Requirement:
Write out the line that holds "new 2025 Jeep" together with every line that follows it to the end of the material below, exactly. Omit the pictures.

.....

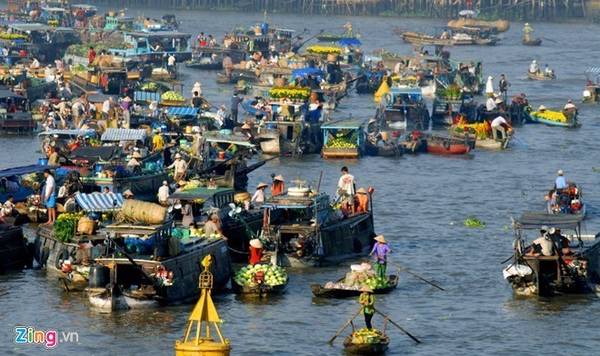 Cần Thơ, vùng đất gạo trắng nước trong, hút khách với những bài ca tài tử trên sông Hậu ở bến Ninh Kiều, ở ngôi nhà cổ, chợ nổi Cái Răng... Ảnh: Nguyễn Quang.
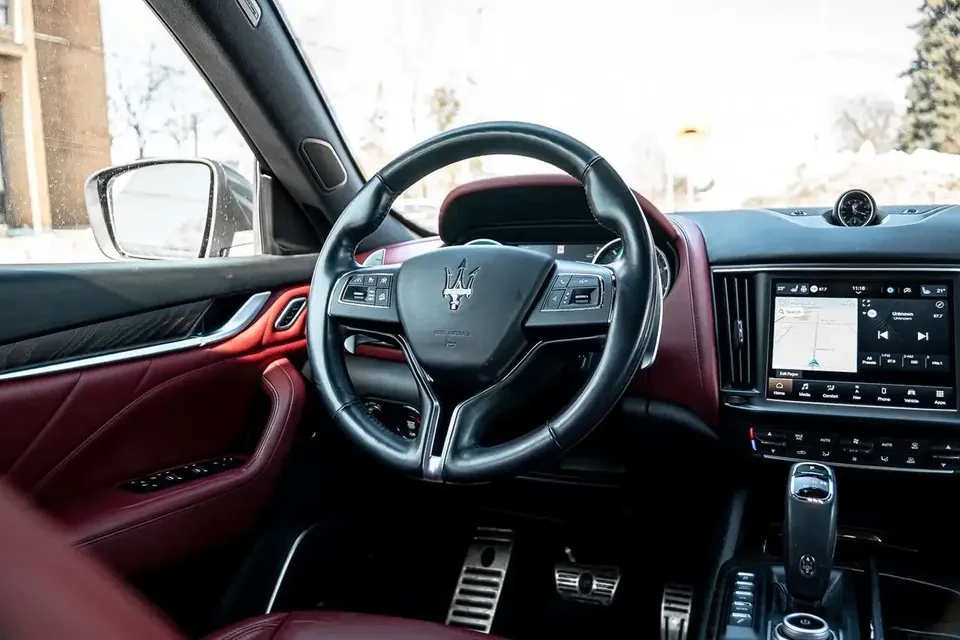 2021 Maserati Levante - Image 15 of 17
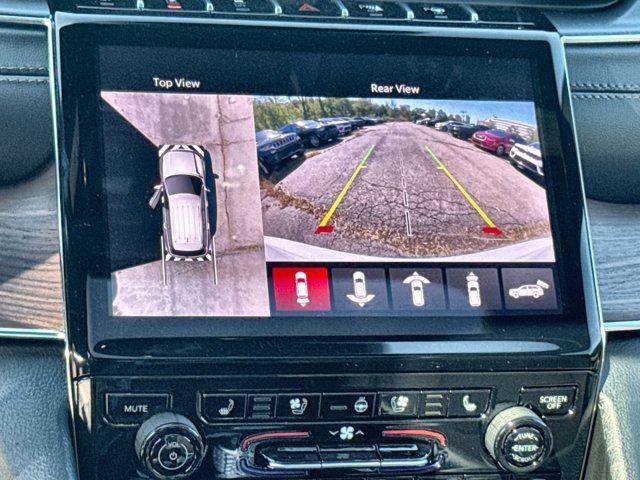 new 2025 Jeep Grand Cherokee car, priced at $53,567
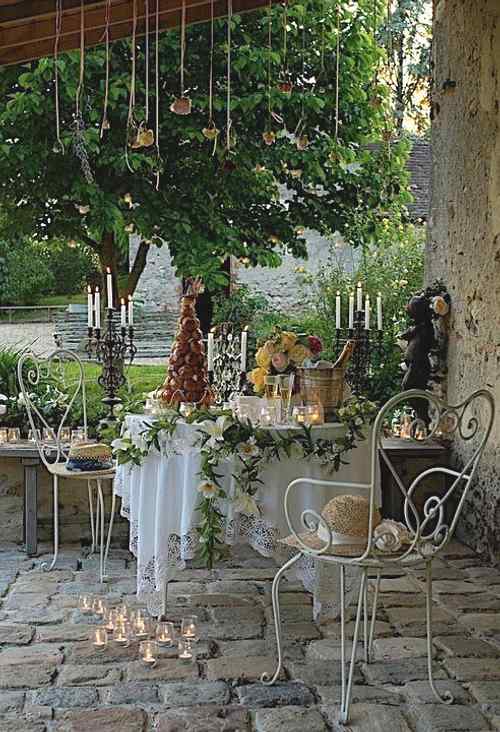 ambiente romántico en el jardín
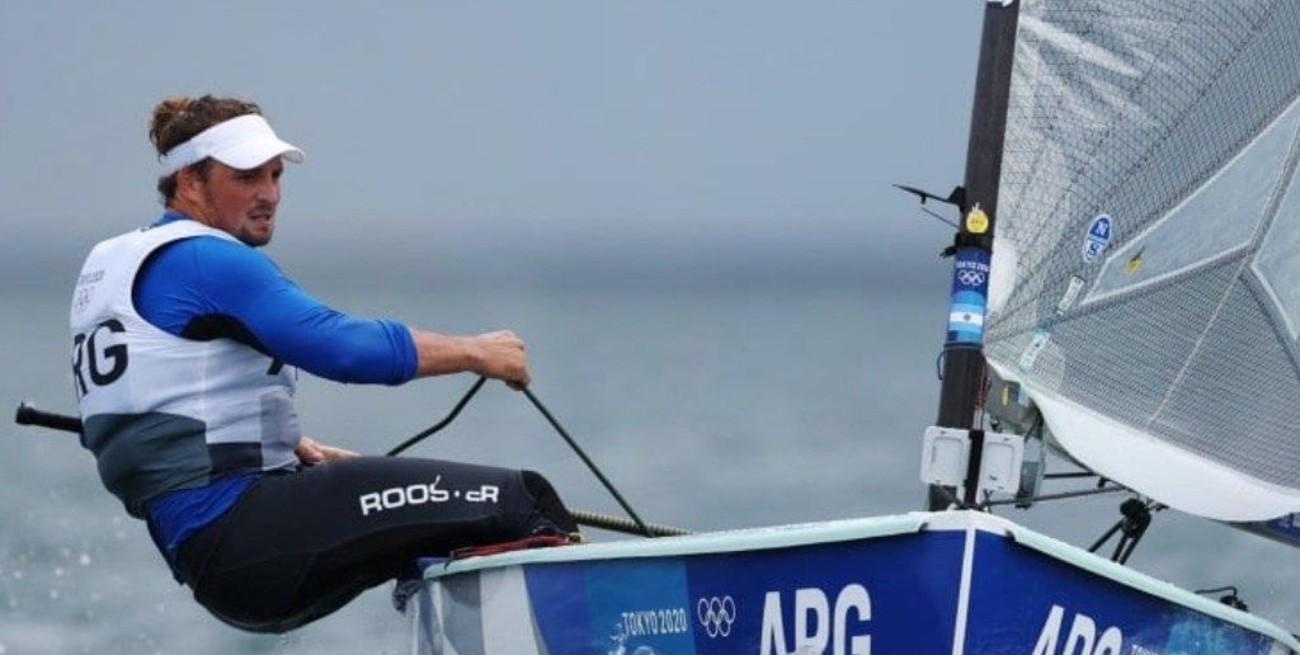 Facundo Olezza subió un lugar y está cuarto en la clase Finn de vela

.....

Result of this task:
 new 2025 Jeep Grand Cherokee car, priced at $53,567
 ambiente romántico en el jardín
 Facundo Olezza subió un lugar y está cuarto en la clase Finn de vela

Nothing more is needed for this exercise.